Evidence-based policy is increasingly important for scientists and policymakers as well as society. Scientists often need to show how their research is influencing the policy environment, and policymakers want to ensure that legislation is built on reliable, peer-reviewed research.
With today’s technology, it’s possible to make policy decisions based on real evidence, but with more and more research being published, it’s hard to track how the two are related – especially if the research is stored in a range of sites and repositories.
To tackle this problem, a team from Elsevier and LexisNexis Risk Solutions (both owned by Elsevier’s parent company, RELX Group) has been working with researchers in Prof. Tim Menzies’ RAISE (Real world AI for SE) lab at North Carolina State University. They are constructing a search engine that lets people find similar legislative and research documents using keywords. In a project assessing the impact of scientific articles on US legislation, they came up with a solution to easily find links between 100,000 legislative documents and 75,000 research articles.

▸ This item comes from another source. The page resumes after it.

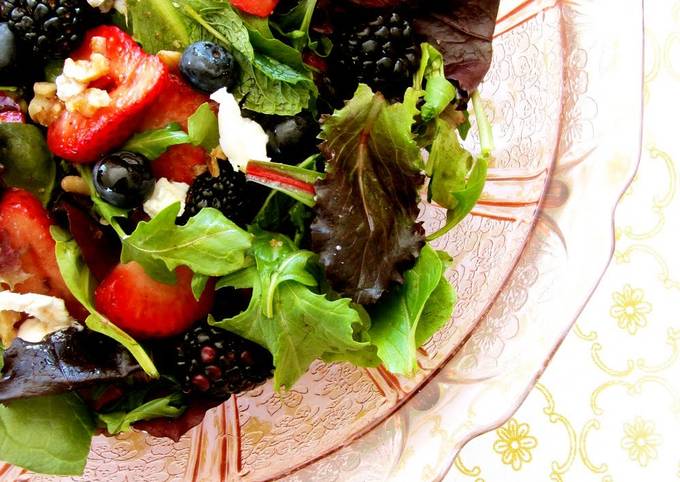 Recipe of Gordon Ramsay Nuts and Fresh Berries Balsamic Salad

Elsevier provided text mining access to the research articles in Scopus, and the team used the open source HPCC Systems supercomputing platform to carry out the work. The results revealed a strong link between research and legislation, though it’s not yet possible to determine whether research influences legislation or researchers pursue certain avenues because of legislation.
The magic of text mining
Analyzing and comparing the content of 175,000 text-based documents would be impossible to do manually. The key to this project is text mining – a method Dr. Tim Menzies, Professor of Computer Science at North Carolina State University, believes is vital for building our knowledge base:
Eighty percent of the world's data is not in a structured form, so if you really want to create the next generation of knowledge, you have to deal with text. Text survives, text is ubiquitous, text is low bandwidth – text is fantastic!
The human race evolved text for a really good reason: it’s a great way to share and preserve knowledge. One of the surprising results of the last 20 years of artificial intelligence is that there are regular patterns in natural language: human language has a bunch of high-frequency patterns that let people like you and me reason about language. Now we’ve got text-mining tools and cloud computing that let us find and exploit those patterns.
Elsevier actively collaborates with researchers and institutes to facilitate text and data mining by enabling access and by developing our platforms, tools and services to support researchers. Meanwhile, in 2014, LexisNexis Risk Solutions had been reaching out to universities looking for research partners in big data text mining and funded a small set of highly speculative pieces of work. Dr. Menzies and his team were the beneficiaries of the funding in 2014 and 2015, with the task of drawing links between legislative and research documents.
At LexisNexis Risk Solutions, Flavio Villanustre and Trish McCall put Dr. Menzies and his student, PhD candidate George Mathew, in touch with Ann Gabriel , VP of Academic and Researcher Relations at Elsevier. Elsevier’s initial goal was to find citations to the scientific literature in particular pieces of legislation. They started by looking at specific topics.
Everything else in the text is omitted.